(Data in this exercise Opens)
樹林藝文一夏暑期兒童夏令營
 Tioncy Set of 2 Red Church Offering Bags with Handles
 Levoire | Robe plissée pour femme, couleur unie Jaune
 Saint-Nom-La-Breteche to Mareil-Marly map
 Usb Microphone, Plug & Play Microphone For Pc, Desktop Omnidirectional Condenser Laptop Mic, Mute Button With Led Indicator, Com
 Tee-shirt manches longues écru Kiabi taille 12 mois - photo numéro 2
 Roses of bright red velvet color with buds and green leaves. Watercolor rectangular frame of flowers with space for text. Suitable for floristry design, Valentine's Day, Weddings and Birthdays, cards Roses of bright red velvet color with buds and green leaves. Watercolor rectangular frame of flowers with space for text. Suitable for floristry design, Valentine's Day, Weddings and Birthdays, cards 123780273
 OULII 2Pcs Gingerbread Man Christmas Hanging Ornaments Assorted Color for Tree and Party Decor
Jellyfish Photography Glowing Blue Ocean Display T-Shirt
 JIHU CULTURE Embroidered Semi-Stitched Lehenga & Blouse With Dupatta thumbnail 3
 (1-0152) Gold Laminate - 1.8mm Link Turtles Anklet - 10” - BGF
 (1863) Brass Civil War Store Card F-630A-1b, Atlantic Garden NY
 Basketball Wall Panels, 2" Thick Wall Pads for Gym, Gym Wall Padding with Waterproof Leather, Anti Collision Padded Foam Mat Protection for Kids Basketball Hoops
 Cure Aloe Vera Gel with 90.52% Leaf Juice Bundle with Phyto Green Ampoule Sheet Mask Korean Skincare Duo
(Data in this exercise Closes)
The expected output is the exact run of lines from the start of the entries through the line with "(1863) Brass Civil", inclusive.

樹林藝文一夏暑期兒童夏令營
 Tioncy Set of 2 Red Church Offering Bags with Handles
 Levoire | Robe plissée pour femme, couleur unie Jaune
 Saint-Nom-La-Breteche to Mareil-Marly map
 Usb Microphone, Plug & Play Microphone For Pc, Desktop Omnidirectional Condenser Laptop Mic, Mute Button With Led Indicator, Com
 Tee-shirt manches longues écru Kiabi taille 12 mois - photo numéro 2
 Roses of bright red velvet color with buds and green leaves. Watercolor rectangular frame of flowers with space for text. Suitable for floristry design, Valentine's Day, Weddings and Birthdays, cards Roses of bright red velvet color with buds and green leaves. Watercolor rectangular frame of flowers with space for text. Suitable for floristry design, Valentine's Day, Weddings and Birthdays, cards 123780273
 OULII 2Pcs Gingerbread Man Christmas Hanging Ornaments Assorted Color for Tree and Party Decor
Jellyfish Photography Glowing Blue Ocean Display T-Shirt
 JIHU CULTURE Embroidered Semi-Stitched Lehenga & Blouse With Dupatta thumbnail 3
 (1-0152) Gold Laminate - 1.8mm Link Turtles Anklet - 10” - BGF
 (1863) Brass Civil War Store Card F-630A-1b, Atlantic Garden NY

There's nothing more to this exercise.